(Beginning of Given records)










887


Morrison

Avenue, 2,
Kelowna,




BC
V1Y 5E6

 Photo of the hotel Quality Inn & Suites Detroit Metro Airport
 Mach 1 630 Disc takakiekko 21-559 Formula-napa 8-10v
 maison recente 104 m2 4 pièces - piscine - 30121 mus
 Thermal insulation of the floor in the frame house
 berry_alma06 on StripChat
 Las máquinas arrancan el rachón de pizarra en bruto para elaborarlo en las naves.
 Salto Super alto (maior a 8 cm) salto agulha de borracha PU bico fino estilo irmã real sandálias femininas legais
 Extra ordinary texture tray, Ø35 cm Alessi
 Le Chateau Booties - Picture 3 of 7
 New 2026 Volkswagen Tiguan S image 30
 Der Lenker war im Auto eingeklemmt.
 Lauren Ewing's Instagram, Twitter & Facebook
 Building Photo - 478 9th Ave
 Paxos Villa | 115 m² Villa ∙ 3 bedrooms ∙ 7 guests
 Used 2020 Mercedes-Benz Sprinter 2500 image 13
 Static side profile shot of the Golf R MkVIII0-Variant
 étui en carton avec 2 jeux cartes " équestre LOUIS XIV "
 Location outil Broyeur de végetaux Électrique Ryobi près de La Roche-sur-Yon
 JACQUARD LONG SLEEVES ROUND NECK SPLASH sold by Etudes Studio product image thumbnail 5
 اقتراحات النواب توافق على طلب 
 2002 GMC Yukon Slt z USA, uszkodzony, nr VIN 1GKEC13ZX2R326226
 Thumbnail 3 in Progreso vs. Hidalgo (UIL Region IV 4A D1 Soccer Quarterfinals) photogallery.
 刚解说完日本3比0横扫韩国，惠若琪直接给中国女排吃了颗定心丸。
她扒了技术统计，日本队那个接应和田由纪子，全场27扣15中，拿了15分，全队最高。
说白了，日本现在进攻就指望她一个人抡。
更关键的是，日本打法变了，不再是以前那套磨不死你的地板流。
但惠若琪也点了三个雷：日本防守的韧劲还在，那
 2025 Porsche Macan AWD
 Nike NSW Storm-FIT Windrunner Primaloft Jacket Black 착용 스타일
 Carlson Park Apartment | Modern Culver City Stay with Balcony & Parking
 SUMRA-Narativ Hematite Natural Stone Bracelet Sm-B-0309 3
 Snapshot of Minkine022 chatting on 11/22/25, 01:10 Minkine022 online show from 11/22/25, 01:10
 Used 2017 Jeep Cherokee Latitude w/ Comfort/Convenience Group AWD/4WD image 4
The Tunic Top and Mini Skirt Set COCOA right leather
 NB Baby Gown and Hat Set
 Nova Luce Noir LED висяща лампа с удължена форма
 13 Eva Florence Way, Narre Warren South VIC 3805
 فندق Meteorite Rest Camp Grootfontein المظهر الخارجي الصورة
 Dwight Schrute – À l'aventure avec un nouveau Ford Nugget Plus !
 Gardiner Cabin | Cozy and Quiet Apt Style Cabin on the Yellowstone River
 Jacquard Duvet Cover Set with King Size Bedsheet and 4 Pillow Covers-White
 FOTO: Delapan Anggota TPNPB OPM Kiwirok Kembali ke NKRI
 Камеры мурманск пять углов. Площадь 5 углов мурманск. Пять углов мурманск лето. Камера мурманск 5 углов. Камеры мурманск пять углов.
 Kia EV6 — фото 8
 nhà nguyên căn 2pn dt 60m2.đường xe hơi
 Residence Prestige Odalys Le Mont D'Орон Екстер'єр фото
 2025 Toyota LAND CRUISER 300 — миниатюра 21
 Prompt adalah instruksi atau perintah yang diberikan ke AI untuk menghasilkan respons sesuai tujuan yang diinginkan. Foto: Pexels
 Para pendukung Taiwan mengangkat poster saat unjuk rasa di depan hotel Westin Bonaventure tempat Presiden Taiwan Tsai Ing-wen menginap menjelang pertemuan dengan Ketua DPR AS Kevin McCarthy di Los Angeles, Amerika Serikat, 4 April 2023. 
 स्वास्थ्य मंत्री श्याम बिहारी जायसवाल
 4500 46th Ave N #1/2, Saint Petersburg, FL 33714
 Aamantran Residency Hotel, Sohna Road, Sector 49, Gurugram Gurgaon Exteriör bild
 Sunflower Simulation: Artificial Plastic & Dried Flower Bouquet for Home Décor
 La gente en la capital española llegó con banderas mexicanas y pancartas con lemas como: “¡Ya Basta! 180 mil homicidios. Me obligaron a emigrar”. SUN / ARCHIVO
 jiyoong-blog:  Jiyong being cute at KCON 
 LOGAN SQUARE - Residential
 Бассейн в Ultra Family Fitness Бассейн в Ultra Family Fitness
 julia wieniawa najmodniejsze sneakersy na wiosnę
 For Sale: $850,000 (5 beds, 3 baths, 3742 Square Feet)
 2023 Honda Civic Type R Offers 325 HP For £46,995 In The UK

(End of Given records)

§ **What is required**: All of the data should be retyped exactly.

§ **Reply to the exercise**:
887


Morrison

Avenue, 2,
Kelowna,




BC
V1Y 5E6

 Photo of the hotel Quality Inn & Suites Detroit Metro Airport
 Mach 1 630 Disc takakiekko 21-559 Formula-napa 8-10v
 maison recente 104 m2 4 pièces - piscine - 30121 mus
 Thermal insulation of the floor in the frame house
 berry_alma06 on StripChat
 Las máquinas arrancan el rachón de pizarra en bruto para elaborarlo en las naves.
 Salto Super alto (maior a 8 cm) salto agulha de borracha PU bico fino estilo irmã real sandálias femininas legais
 Extra ordinary texture tray, Ø35 cm Alessi
 Le Chateau Booties - Picture 3 of 7
 New 2026 Volkswagen Tiguan S image 30
 Der Lenker war im Auto eingeklemmt.
 Lauren Ewing's Instagram, Twitter & Facebook
 Building Photo - 478 9th Ave
 Paxos Villa | 115 m² Villa ∙ 3 bedrooms ∙ 7 guests
 Used 2020 Mercedes-Benz Sprinter 2500 image 13
 Static side profile shot of the Golf R MkVIII0-Variant
 étui en carton avec 2 jeux cartes " équestre LOUIS XIV "
 Location outil Broyeur de végetaux Électrique Ryobi près de La Roche-sur-Yon
 JACQUARD LONG SLEEVES ROUND NECK SPLASH sold by Etudes Studio product image thumbnail 5
 اقتراحات النواب توافق على طلب 
 2002 GMC Yukon Slt z USA, uszkodzony, nr VIN 1GKEC13ZX2R326226
 Thumbnail 3 in Progreso vs. Hidalgo (UIL Region IV 4A D1 Soccer Quarterfinals) photogallery.
 刚解说完日本3比0横扫韩国，惠若琪直接给中国女排吃了颗定心丸。
她扒了技术统计，日本队那个接应和田由纪子，全场27扣15中，拿了15分，全队最高。
说白了，日本现在进攻就指望她一个人抡。
更关键的是，日本打法变了，不再是以前那套磨不死你的地板流。
但惠若琪也点了三个雷：日本防守的韧劲还在，那
 2025 Porsche Macan AWD
 Nike NSW Storm-FIT Windrunner Primaloft Jacket Black 착용 스타일
 Carlson Park Apartment | Modern Culver City Stay with Balcony & Parking
 SUMRA-Narativ Hematite Natural Stone Bracelet Sm-B-0309 3
 Snapshot of Minkine022 chatting on 11/22/25, 01:10 Minkine022 online show from 11/22/25, 01:10
 Used 2017 Jeep Cherokee Latitude w/ Comfort/Convenience Group AWD/4WD image 4
The Tunic Top and Mini Skirt Set COCOA right leather
 NB Baby Gown and Hat Set
 Nova Luce Noir LED висяща лампа с удължена форма
 13 Eva Florence Way, Narre Warren South VIC 3805
 فندق Meteorite Rest Camp Grootfontein المظهر الخارجي الصورة
 Dwight Schrute – À l'aventure avec un nouveau Ford Nugget Plus !
 Gardiner Cabin | Cozy and Quiet Apt Style Cabin on the Yellowstone River
 Jacquard Duvet Cover Set with King Size Bedsheet and 4 Pillow Covers-White
 FOTO: Delapan Anggota TPNPB OPM Kiwirok Kembali ke NKRI
 Камеры мурманск пять углов. Площадь 5 углов мурманск. Пять углов мурманск лето. Камера мурманск 5 углов. Камеры мурманск пять углов.
 Kia EV6 — фото 8
 nhà nguyên căn 2pn dt 60m2.đường xe hơi
 Residence Prestige Odalys Le Mont D'Орон Екстер'єр фото
 2025 Toyota LAND CRUISER 300 — миниатюра 21
 Prompt adalah instruksi atau perintah yang diberikan ke AI untuk menghasilkan respons sesuai tujuan yang diinginkan. Foto: Pexels
 Para pendukung Taiwan mengangkat poster saat unjuk rasa di depan hotel Westin Bonaventure tempat Presiden Taiwan Tsai Ing-wen menginap menjelang pertemuan dengan Ketua DPR AS Kevin McCarthy di Los Angeles, Amerika Serikat, 4 April 2023. 
 स्वास्थ्य मंत्री श्याम बिहारी जायसवाल
 4500 46th Ave N #1/2, Saint Petersburg, FL 33714
 Aamantran Residency Hotel, Sohna Road, Sector 49, Gurugram Gurgaon Exteriör bild
 Sunflower Simulation: Artificial Plastic & Dried Flower Bouquet for Home Décor
 La gente en la capital española llegó con banderas mexicanas y pancartas con lemas como: “¡Ya Basta! 180 mil homicidios. Me obligaron a emigrar”. SUN / ARCHIVO
 jiyoong-blog:  Jiyong being cute at KCON 
 LOGAN SQUARE - Residential
 Бассейн в Ultra Family Fitness Бассейн в Ultra Family Fitness
 julia wieniawa najmodniejsze sneakersy na wiosnę
 For Sale: $850,000 (5 beds, 3 baths, 3742 Square Feet)
 2023 Honda Civic Type R Offers 325 HP For £46,995 In The UK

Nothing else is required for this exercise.